Traditional architectures versus Reactive microservices

Enterprise development has changed drastically from the early days of public internet use. Now, instead of satisfying the needs of thousands or tens of thousands, applications can serve millions of users — and potentially even more devices. To remain competitive, businesses must innovate in ever shorter cycles. This rapid increase in the pace and volume of demand motivates a different approach; one that takes full advantage of cloud and hybrid environments and enables nimble development response to changing business needs.

Because traditional architectures were not designed to run in a highly distributed environment, many organizations have run into issues trying to modernize them. Microservices have arisen as a pattern for dealing with these challenges. However, more than a technical solution, microservices offer a way of organizing development organizations to enhance productivity. Each team takes responsibility for one or more independent services that expose data and functionality through service interfaces. When well-managed, this supports faster iteration and less risky deployments.

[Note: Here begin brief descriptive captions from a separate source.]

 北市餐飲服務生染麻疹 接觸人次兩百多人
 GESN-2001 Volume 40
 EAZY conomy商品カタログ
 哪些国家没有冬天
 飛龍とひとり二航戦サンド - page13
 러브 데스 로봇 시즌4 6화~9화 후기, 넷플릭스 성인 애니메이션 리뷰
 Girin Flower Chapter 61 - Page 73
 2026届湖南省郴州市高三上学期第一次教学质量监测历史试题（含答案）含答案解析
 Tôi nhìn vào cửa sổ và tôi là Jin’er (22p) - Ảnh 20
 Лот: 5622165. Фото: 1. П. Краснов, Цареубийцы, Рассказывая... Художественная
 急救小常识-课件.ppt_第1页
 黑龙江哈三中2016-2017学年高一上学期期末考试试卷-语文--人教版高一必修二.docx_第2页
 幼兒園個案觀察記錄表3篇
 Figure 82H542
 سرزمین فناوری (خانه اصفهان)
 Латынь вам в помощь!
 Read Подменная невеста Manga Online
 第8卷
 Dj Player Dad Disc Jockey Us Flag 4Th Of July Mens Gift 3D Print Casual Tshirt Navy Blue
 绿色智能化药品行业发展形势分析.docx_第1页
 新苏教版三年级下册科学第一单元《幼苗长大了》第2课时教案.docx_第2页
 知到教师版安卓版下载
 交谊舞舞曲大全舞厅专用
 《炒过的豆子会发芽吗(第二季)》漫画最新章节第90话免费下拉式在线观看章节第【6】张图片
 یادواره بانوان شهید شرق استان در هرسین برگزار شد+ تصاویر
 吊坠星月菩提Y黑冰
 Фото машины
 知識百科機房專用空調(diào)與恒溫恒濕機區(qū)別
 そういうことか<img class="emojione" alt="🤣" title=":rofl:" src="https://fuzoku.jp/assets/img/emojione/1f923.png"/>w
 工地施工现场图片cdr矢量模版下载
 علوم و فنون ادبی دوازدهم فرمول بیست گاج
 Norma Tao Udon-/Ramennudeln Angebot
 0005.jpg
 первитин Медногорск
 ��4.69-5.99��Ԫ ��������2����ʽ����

If you are new to microservices, we recommend reading Martin Fowler’s description. He discusses the architectural style of developing applications as suites of lightweight services and the organizational impacts of doing so.

Reactive principles

For systems with demanding requirements, Lightbend recommends Reactive Principles as the best way to design a system that copes well with uncertainty. Reactive Principles, as defined in the Reactive Manifesto, include the properties of being responsive, resilient, elastic, and message-driven. Lightbend Platform has delivered the technical and organizational benefits of microservices for demanding applications across a variety of industries.

When designed with Reactive Principles, microservices have the following characteristics:

  • Isolation, where each microservice is completely decoupled so that its lifecycle, including failure, has no impact on other microservices in the system.

  • Autonomy, where each microservice acts and makes decisions independently and publishes its behavior through an API.

  • Single responsibility, where each microservice does one thing and does it well.

  • Event-driven, where a microservice produces, consumes and reacts to events.

  • Mobility (and addressability), where a microservice can be moved at runtime but can be reached in the same way regardless of its location.

  • Own their state exclusively by managing and persisting their own state in the way that best suits its own needs.

Isolation and autonomy

From the early days of object oriented programming and service-oriented architectures, experts have recognized the benefits of encapsulation and of loose coupling between modules. Reactive microservices offer isolation and autonomy at a level that traditional architectures cannot. When each microservice has one reason to exist and owns its own state and behavior, it gains the advantages of a Shared Nothing Architecture.

Rather than interacting by remote invocation, microservices publish their capabilities through a protocol. Communication is asynchronous to increase concurrency. Microservices cooperate and collaborate without being tightly coupled. Isolation and autonomy enables new development and deployment patterns:

  • Small, independent teams can be each be responsible for one microservice.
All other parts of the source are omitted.